Friends, with humility I ask, if God tells us in His Word that the "wages of sin is death (Greek  thanatos)" -Romans 6:23, and the plain meaning of death is a cessation of all life, by what right do we have to declare that what God said is not right and that the wages of sin is not death, but a continuation of 'life' in unending torment?  Do you see where this road leads?  I will not, and I pray you see also that you cannot, hold to the 'traditional' view of hell which drips with the poison of a serpents fangs.
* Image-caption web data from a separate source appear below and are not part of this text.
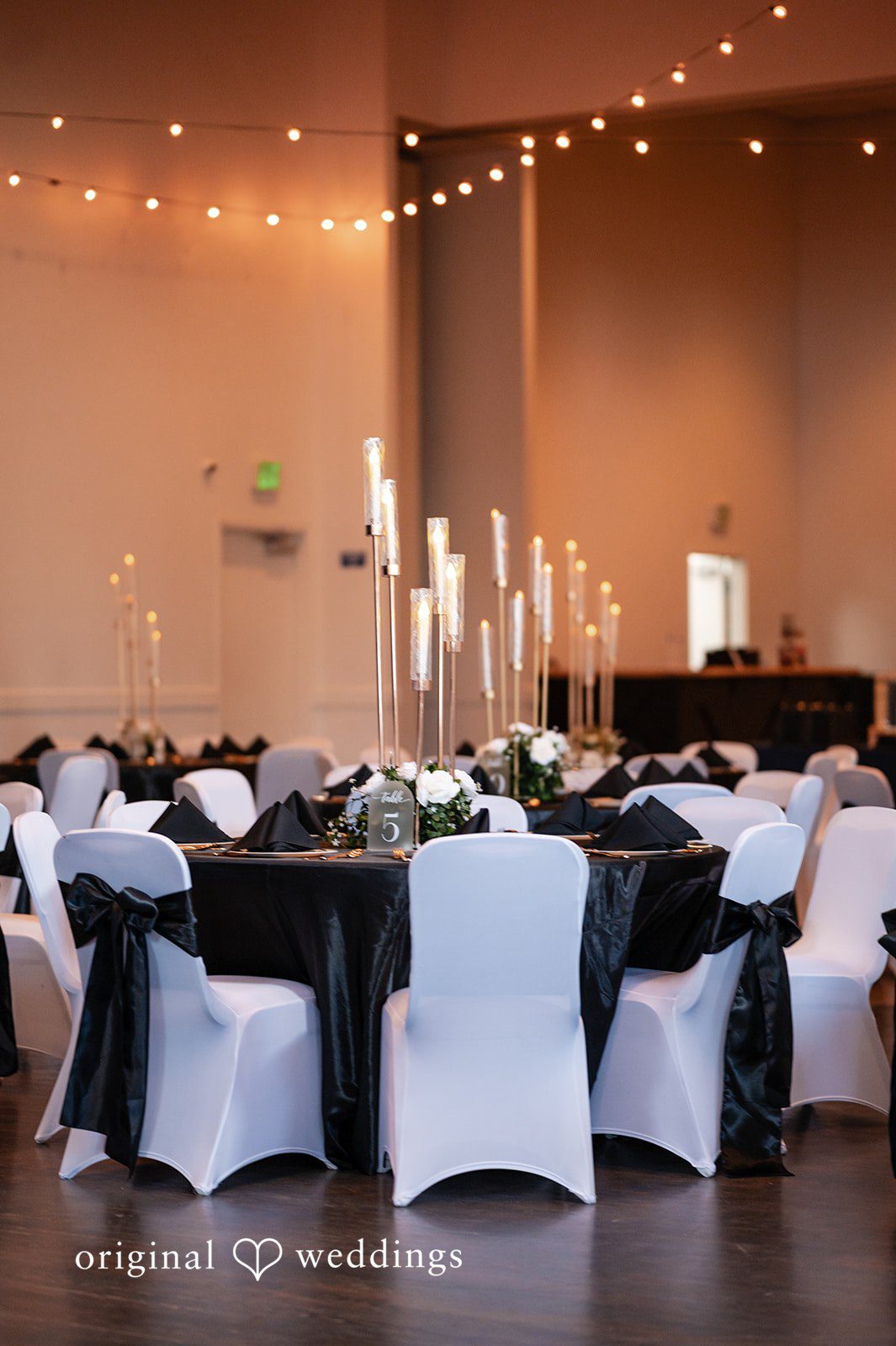 A wedding reception setup showcasing tables with black cloths and chairs with white covers.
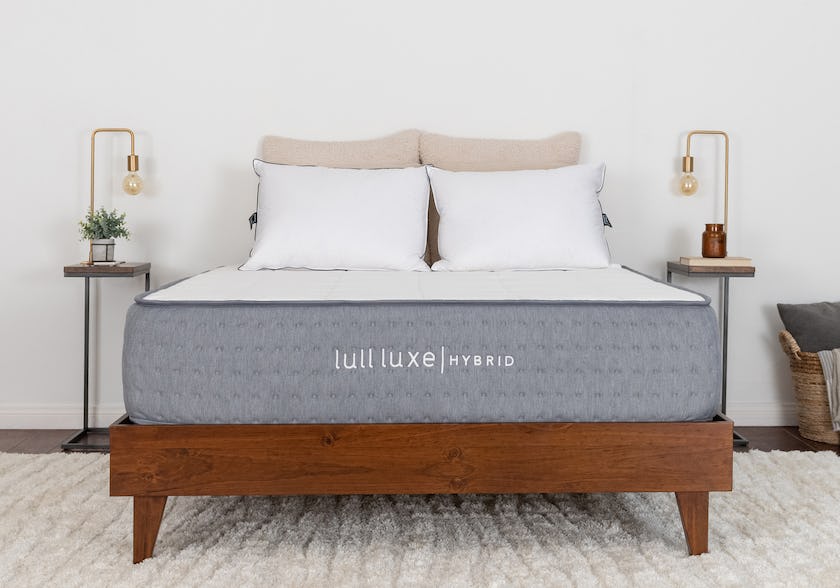 The Lull Luxe Hybrid Mattress on a bed frame with pillows.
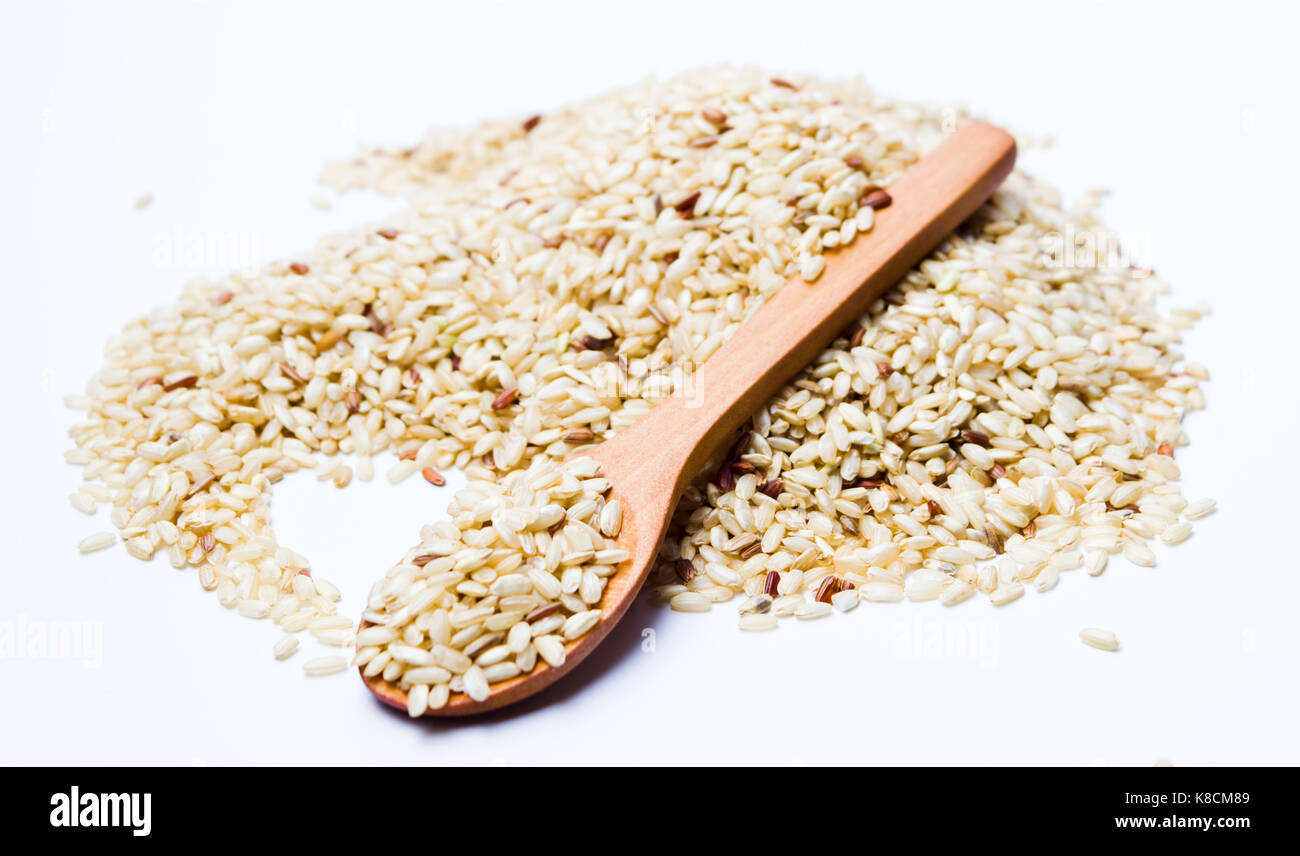 Yellow rice seeds in a wooden spoon isolated Stock Photo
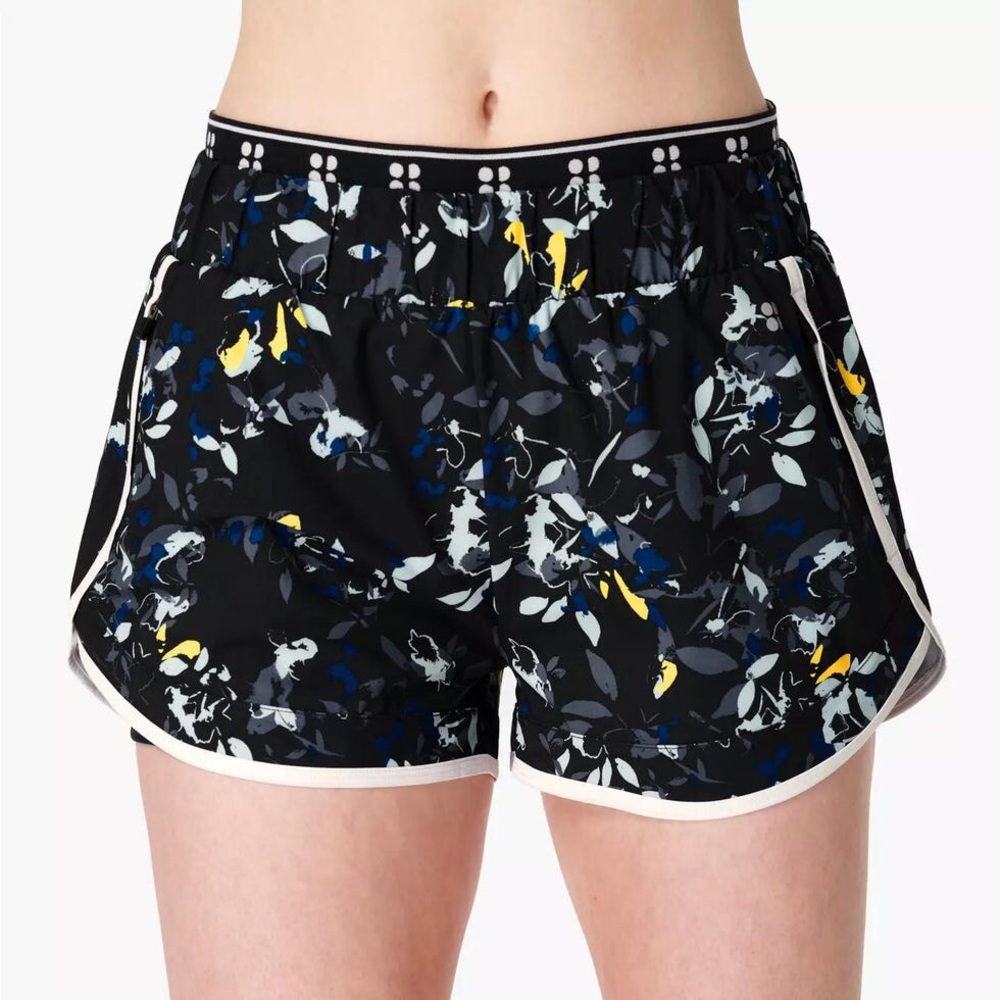 Sweaty Betty On Your Marks 4" running shorts blue and black floral print Size S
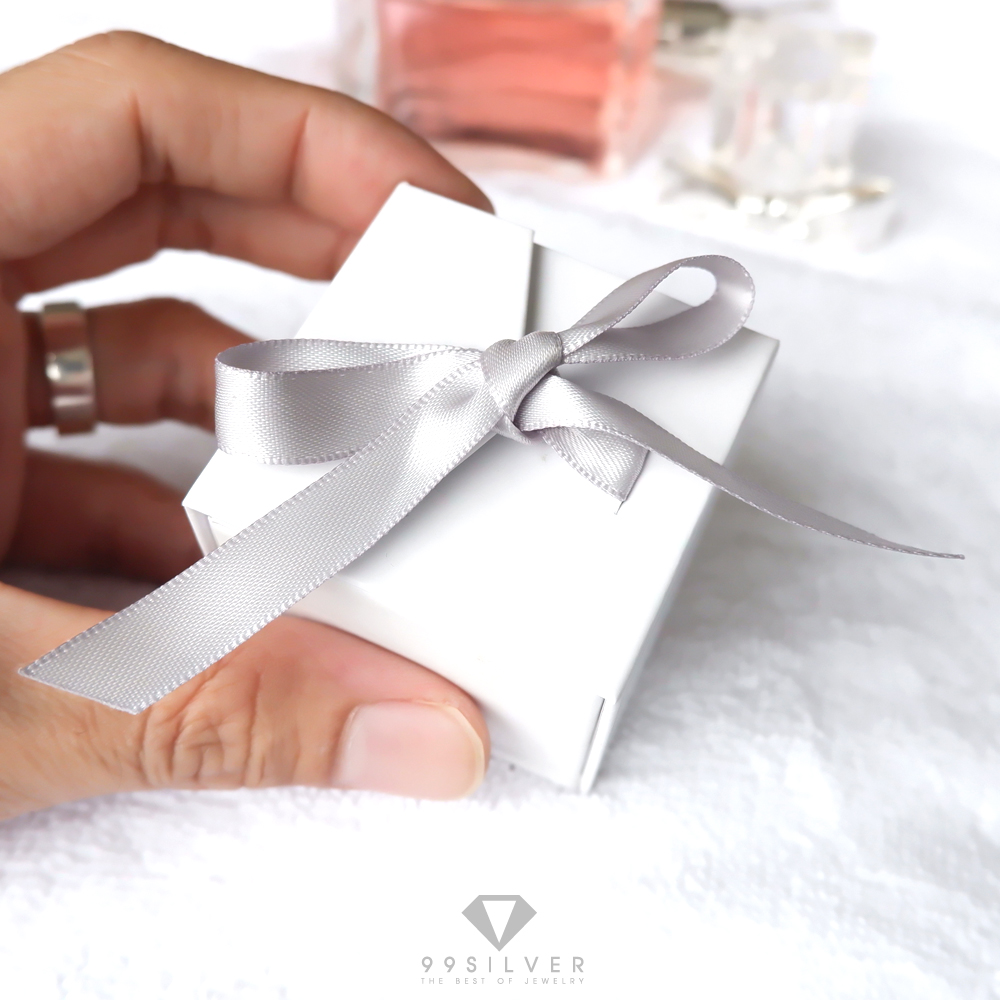 กล่องใส่แหวนสีขาวสี่เหลี่ยม  มีริบบิ้นผูกโบว์สำหรับยึดฝา ข้างในบุด้วยสปั้นช์นิ่มสีดำ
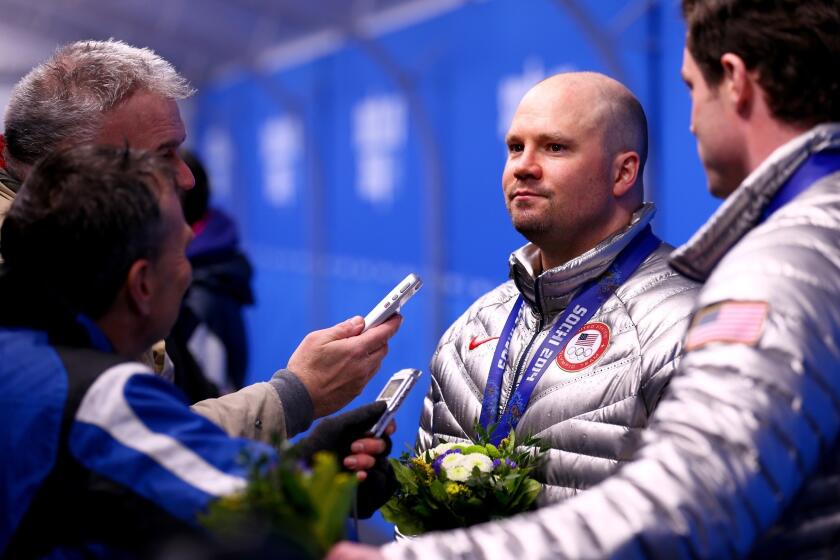 Bronze medalists Steven Holcomb, left, and Steven Langton of the United States team 1 give an interview after the Olympics medal ceremony for the Men's Two-Man Bobsleigh at Medals Plaza on Feb. 18, 2014 in Sochi, Russia.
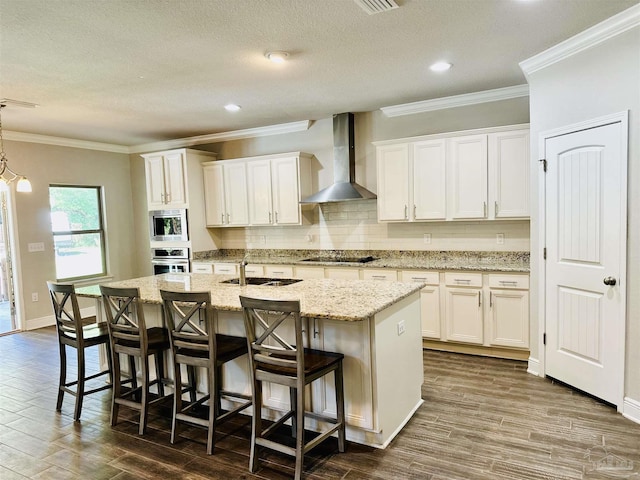 kitchen with a sink, wall chimney exhaust hood, dark wood-style flooring, and stainless steel appliances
In my next post I will explore some of the texts that are often used to defend the notion of eternal torment and, with grace, show why they cannot be made to say such things.
    

*Notable post-Biblical theologians and teachers who held to Conditionalism: Clement of Rome, Justin Martyr, Irenaeus, Athanasius, Wycliffe, Tyndale, Watts, Pannenberg  
  

1 comment:

  1. A comment from David Alves

    Your post is spot-on. You did a great job of enunciating what I believe Scripture teaches. In addition, any who want to argue rather than discuss the point are not true "Bereans." If they love the Lord and the Word, they will be open and teachable. If not, they remain fixed in what their well-meaning teachers taught them. I believe your post is perfectly written for the open heart and mind of a student of the Word and a disciple of Jesus. I hope this encourages you.